§ TASK STATEMENT:
The part below that opens with the line containing "Product image of ATOMIC ARV 88 S25 თხილამური" and closes with the line containing "Ashes To Amber at The Masquerade" should be copied exactly, minus any pictures.
(RECORDS PROVIDED)
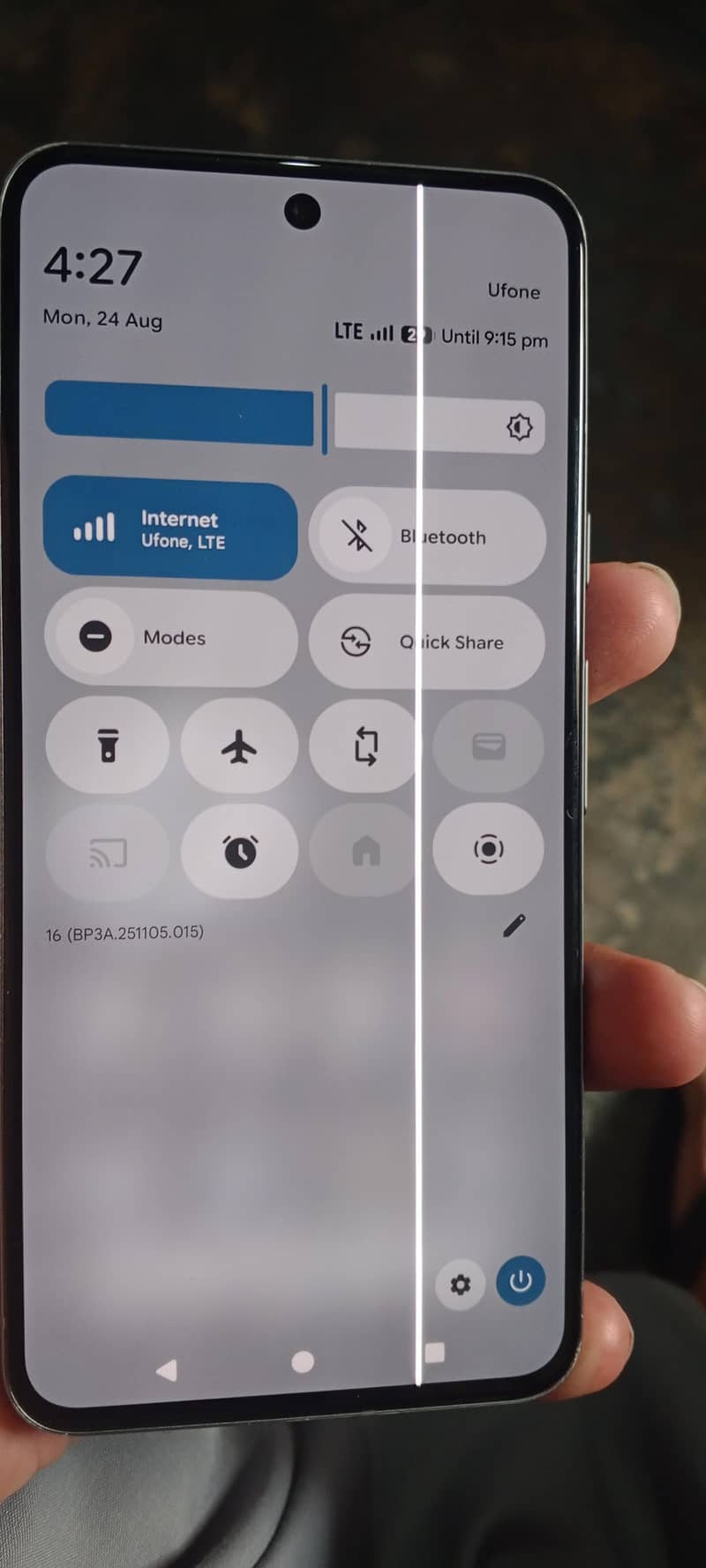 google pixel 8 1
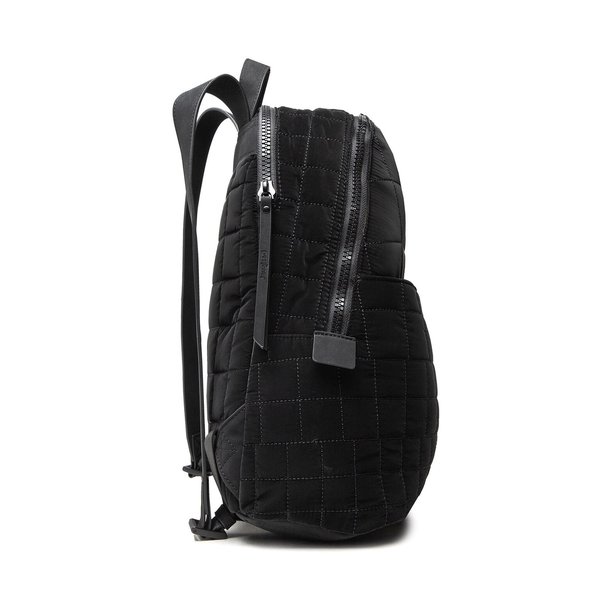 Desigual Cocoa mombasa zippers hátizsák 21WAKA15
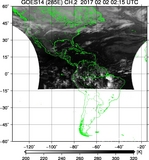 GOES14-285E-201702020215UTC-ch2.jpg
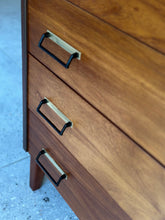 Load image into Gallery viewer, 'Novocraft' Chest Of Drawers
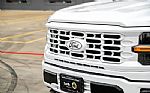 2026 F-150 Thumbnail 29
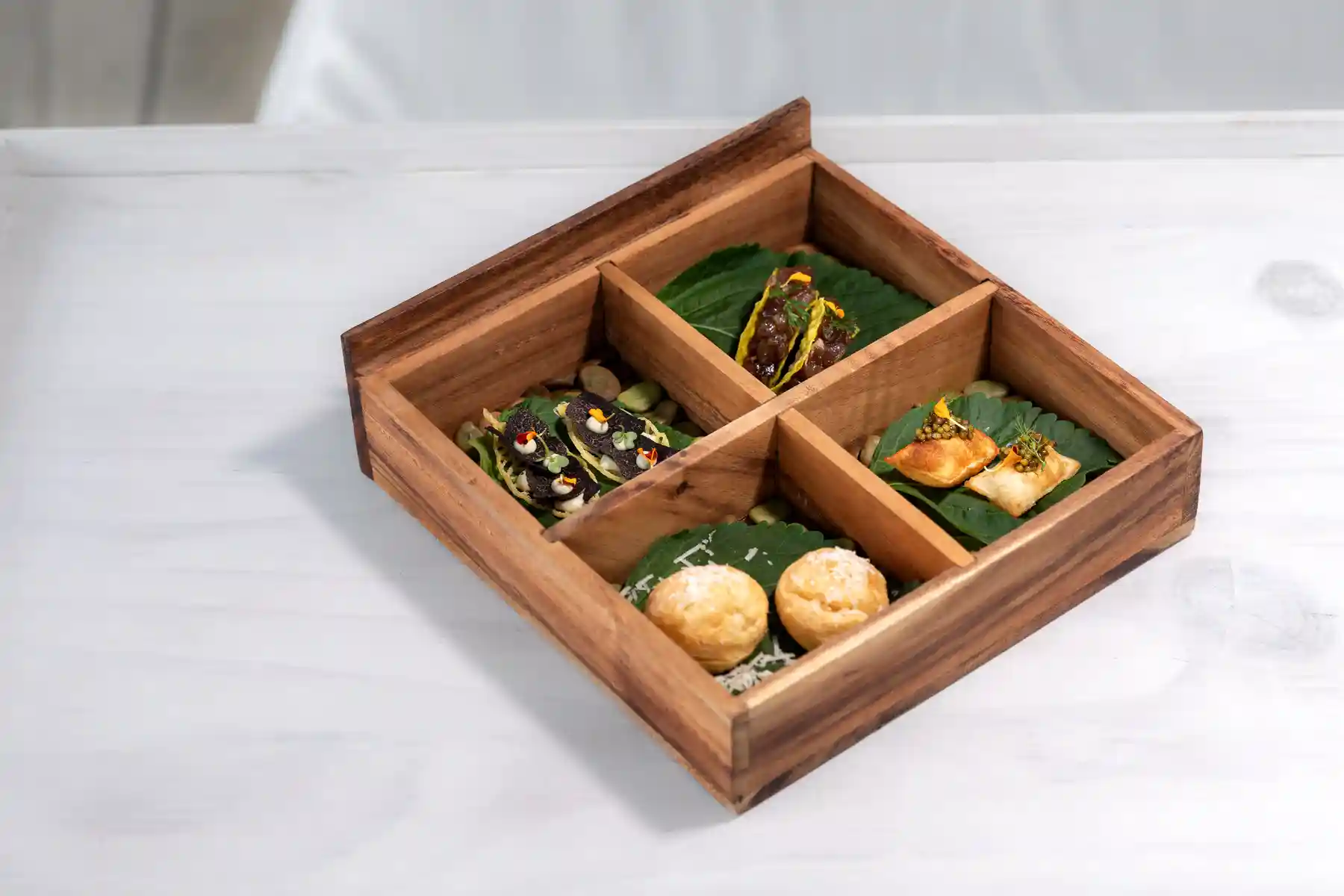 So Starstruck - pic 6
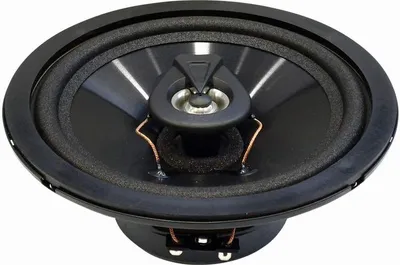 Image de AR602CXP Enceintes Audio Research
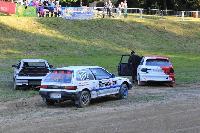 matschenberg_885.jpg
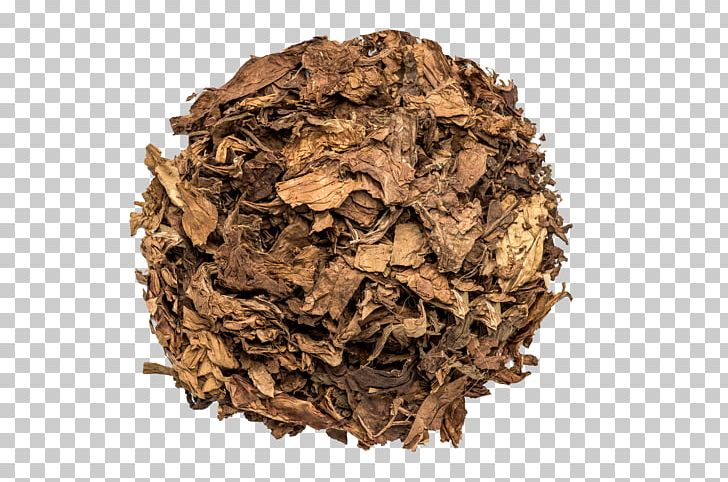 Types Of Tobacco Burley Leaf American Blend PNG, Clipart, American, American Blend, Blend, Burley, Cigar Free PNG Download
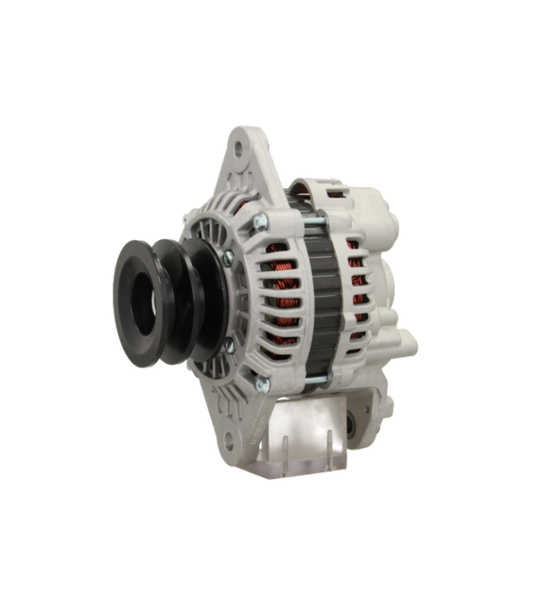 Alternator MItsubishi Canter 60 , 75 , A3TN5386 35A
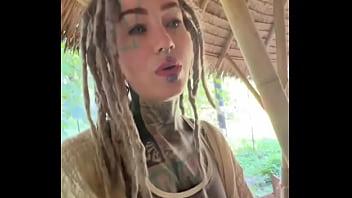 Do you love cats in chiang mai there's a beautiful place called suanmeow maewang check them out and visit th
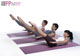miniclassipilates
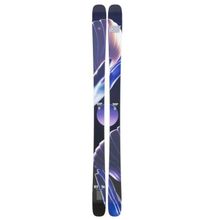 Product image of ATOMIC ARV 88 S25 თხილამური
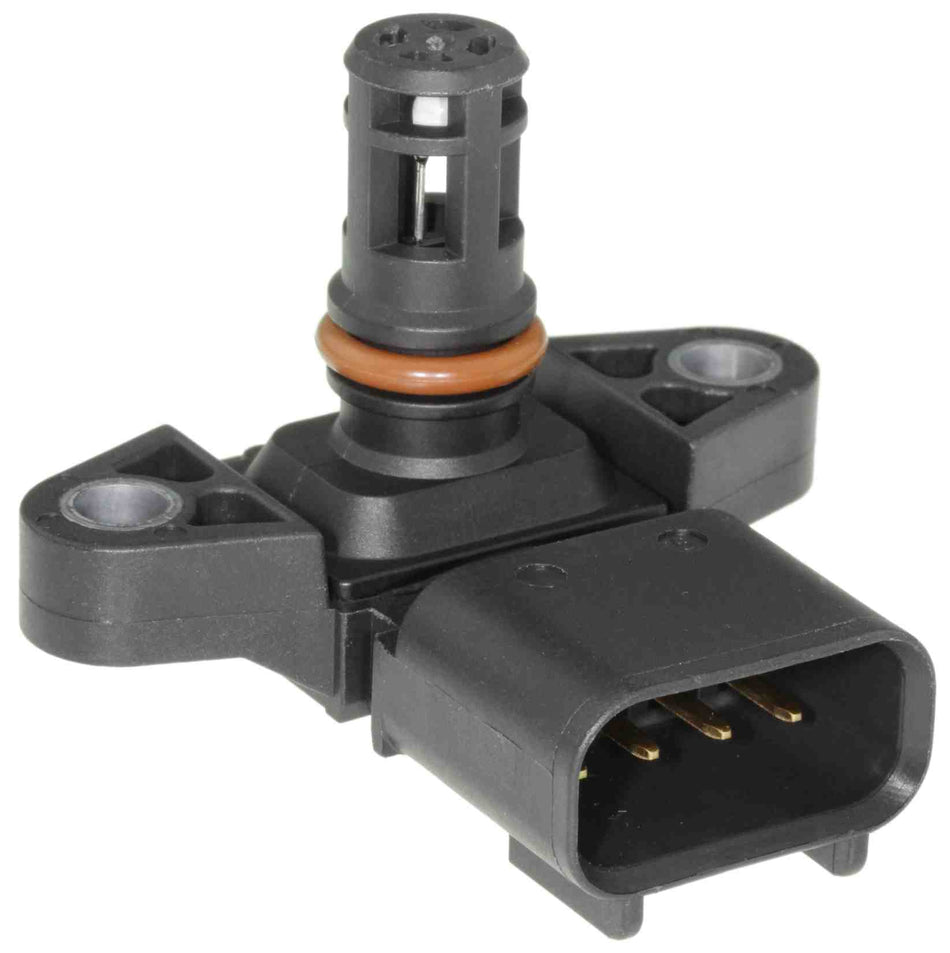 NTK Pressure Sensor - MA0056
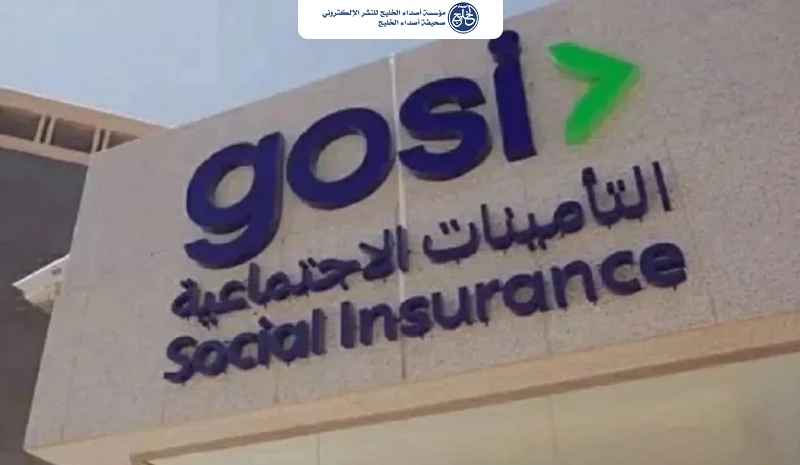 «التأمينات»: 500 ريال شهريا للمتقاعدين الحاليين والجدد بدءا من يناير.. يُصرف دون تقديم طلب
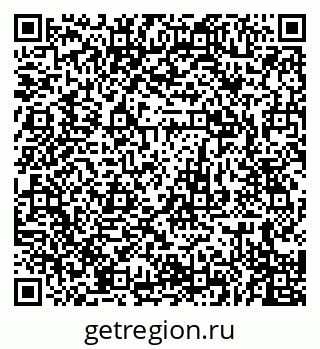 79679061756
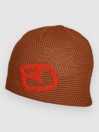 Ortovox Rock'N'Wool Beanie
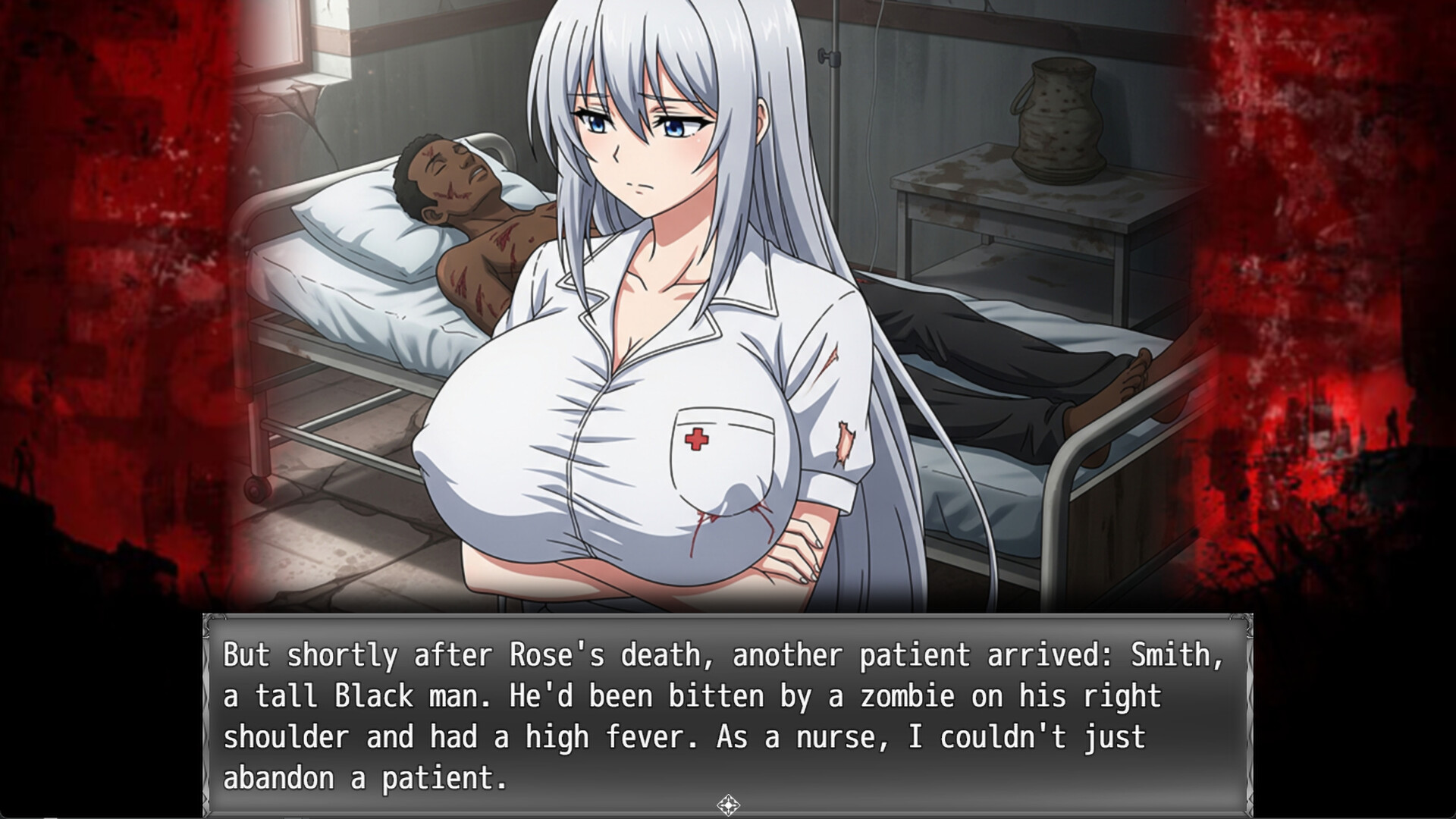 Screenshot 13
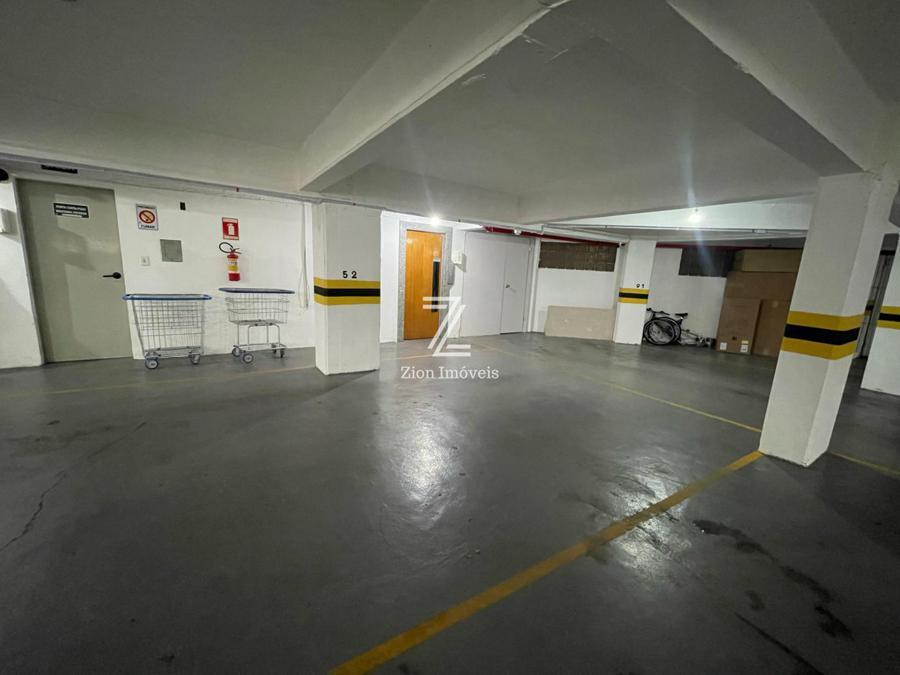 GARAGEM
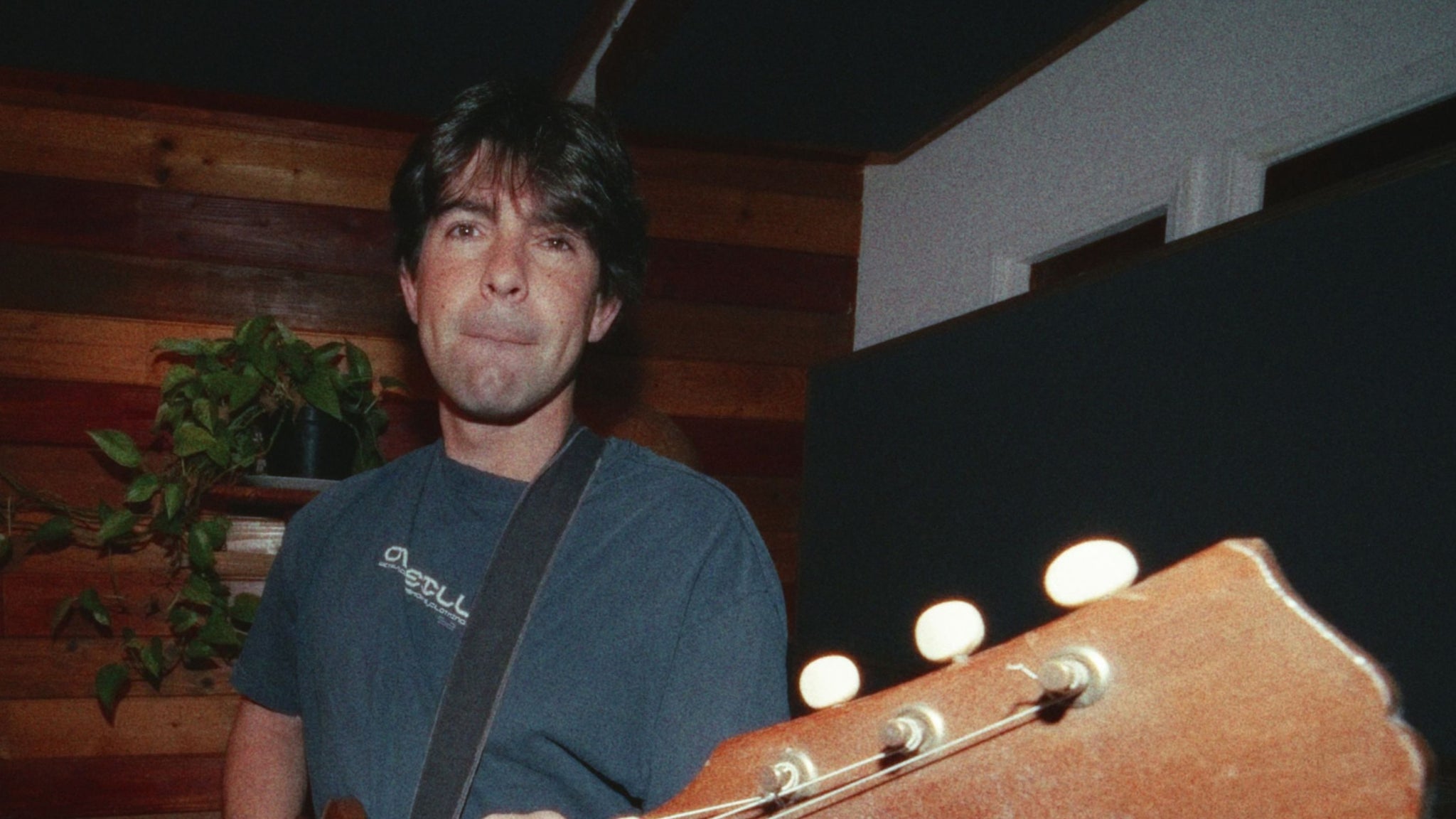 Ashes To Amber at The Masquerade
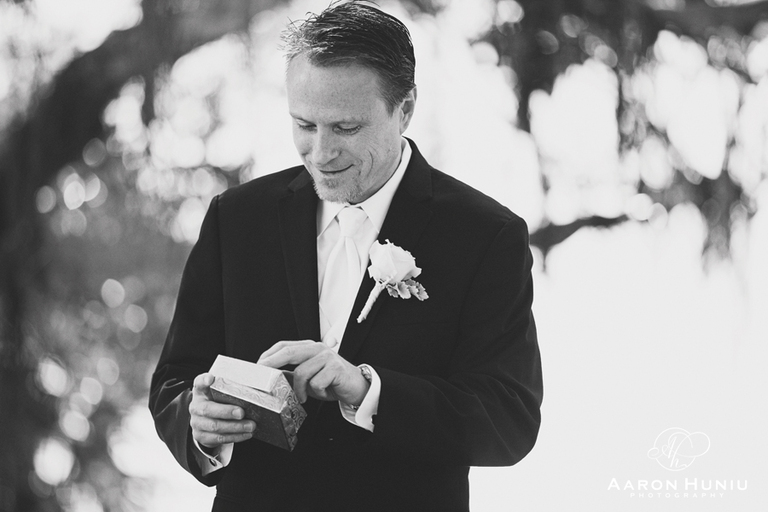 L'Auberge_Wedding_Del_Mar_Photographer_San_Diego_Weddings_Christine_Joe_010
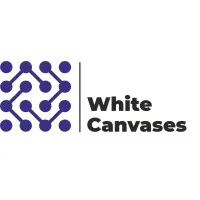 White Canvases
(End RECORDS PROVIDED)
§ SOLUTION TO THIS TASK:
 Product image of ATOMIC ARV 88 S25 თხილამური
 NTK Pressure Sensor - MA0056
 «التأمينات»: 500 ريال شهريا للمتقاعدين الحاليين والجدد بدءا من يناير.. يُصرف دون تقديم طلب
 79679061756
 Ortovox Rock'N'Wool Beanie
 Screenshot 13
 GARAGEM
 Ashes To Amber at The Masquerade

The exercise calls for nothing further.